La couverture vaccinale des jeunes filles françaises est non seulement faible mais en diminution (Couverture vaccinale, InVS, 01/02/2016).
Fin décembre 2014 :

  • 17,6 % des jeunes filles de 15 ans avaient reçu une dose de vaccin contre 26,3 % en 2010
  • 17,2 % des jeunes filles de 16 ans avaient reçu les trois doses de vaccin contre 28,3 % en 2010

Cette faible couverture vaccinale ne permet pas de bénéficier de l'efficacité constatée dans d'autres pays qui ont une couverture de plus de 80 %. Pour observer un réel bénéfice en termes de santé publique, il faut qu'au moins les deux tiers de la population cible soient vaccinés.

Le dépistage par frottis

Le dépistage par frottis du col utérin permet de rechercher des lésions précancéreuses et cancéreuses du col de l'utérus, chez toutes les femmes entre 25 et 65 ans qu'elles aient été vaccinées ou non.

Le frottis est un examen simple et efficace qui permet de diagnostiquer les lésions précancéreuses afin de les traiter avant une éventuelle transformation en cancer. Il est remboursé à 65 %.

La Haute Autorité de santé recommande de réaliser un frottis cervical tous les trois ans chez les femmes de 25 à 65 ans, après deux frottis consécutifs sans anomalie à un an d'intervalle.

Prévention des cancers liés aux HPV chez les personnes immunodéprimées

Chez les personnes immunodéprimées, donc chez les personnes vivant avec le VIH (PvVIH), la moindre réactivité du système immunitaire rend l’immunogénicité et l’efficacité des vaccins moins bonnes.
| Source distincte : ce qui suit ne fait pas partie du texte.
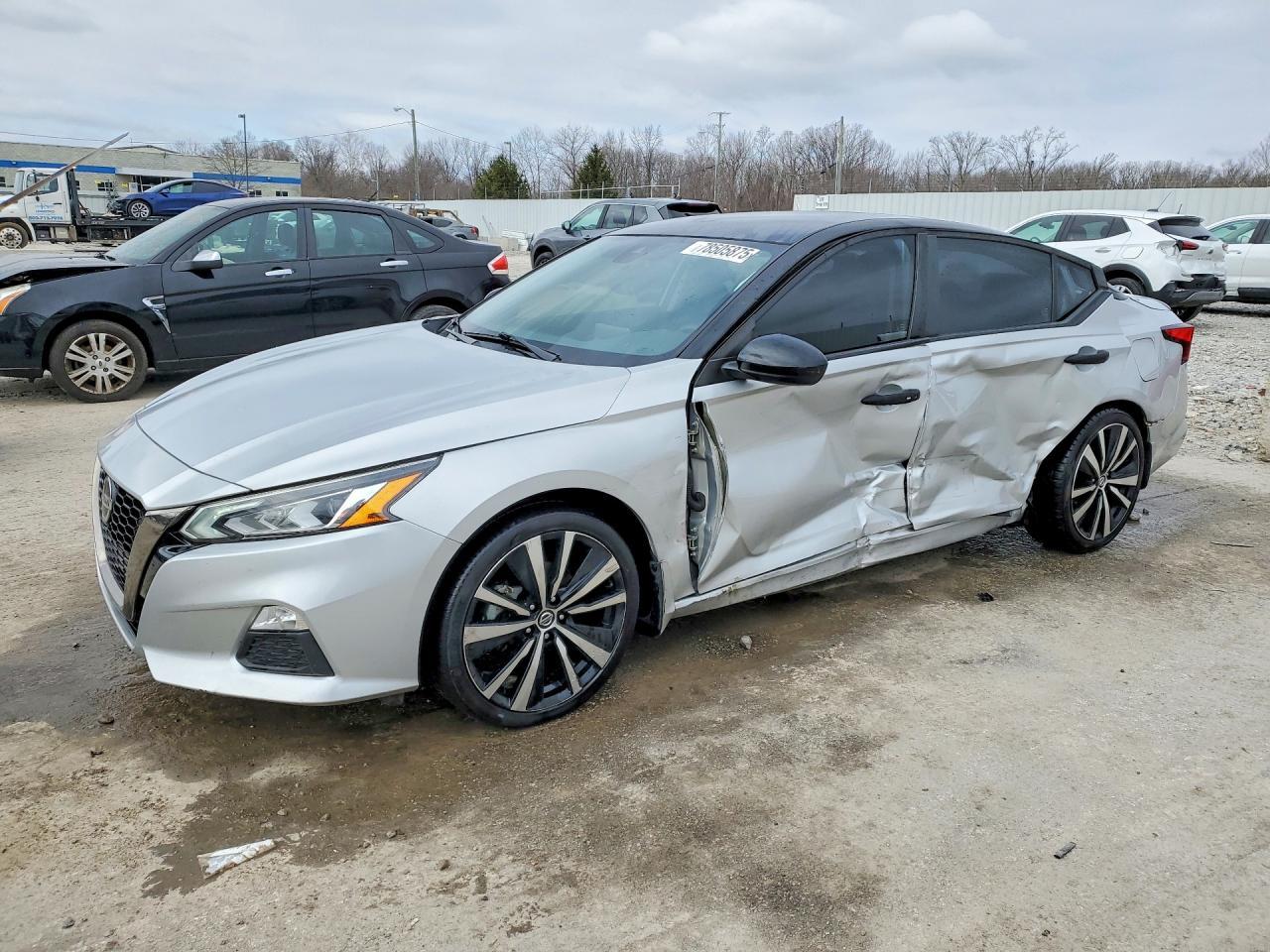 2021 Nissan Altima 2.5 Sr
Ces personnes font donc l’objet de recommandations vaccinales particulières.

Dans son avis de décembre 2014, le HCSP recommande pour la prévention des cancers liés aux papillomavirus chez les personnes immunodéprimées :

  • la vaccination HPV des adolescents, filles et garçons,
  • associée au dépistage régulier des lésions ano-génitales précancéreuses.

Prévention des cancers liés aux HPV chez les HSH

Dans son avis sur la vaccination des garçons contre le papillomavirus de février 2016, l’ HCSP souligne que

  • les HSH [Homme ayant des relations sexuelles avec des hommes] sont exposés à un risque 20 fois plus élevé de cancer anal que les hommes hétérosexuels ;
  • ils ne bénéficient pas de l’immunité croisée que confère aux hommes hétérosexuels la vaccination des filles.

Même si la vaccination universelle des garçons n’est pas pertinente d’un point de vue de santé publique, la protection des jeunes homosexuels est justifiée.

Mais, pour être efficace, cette vaccination doit avoir lieu très précocement après le début de la vie sexuelle, tant que le nombre de partenaires sexuels est faible.

Le HCSP recommande donc :

  • que la vaccination contre le HPV soit proposée aux HSH jusqu’à l’âge de 26 ans, dans les Cegidd et les centres de vaccination ;
  • que des campagnes ciblées relaient cette information.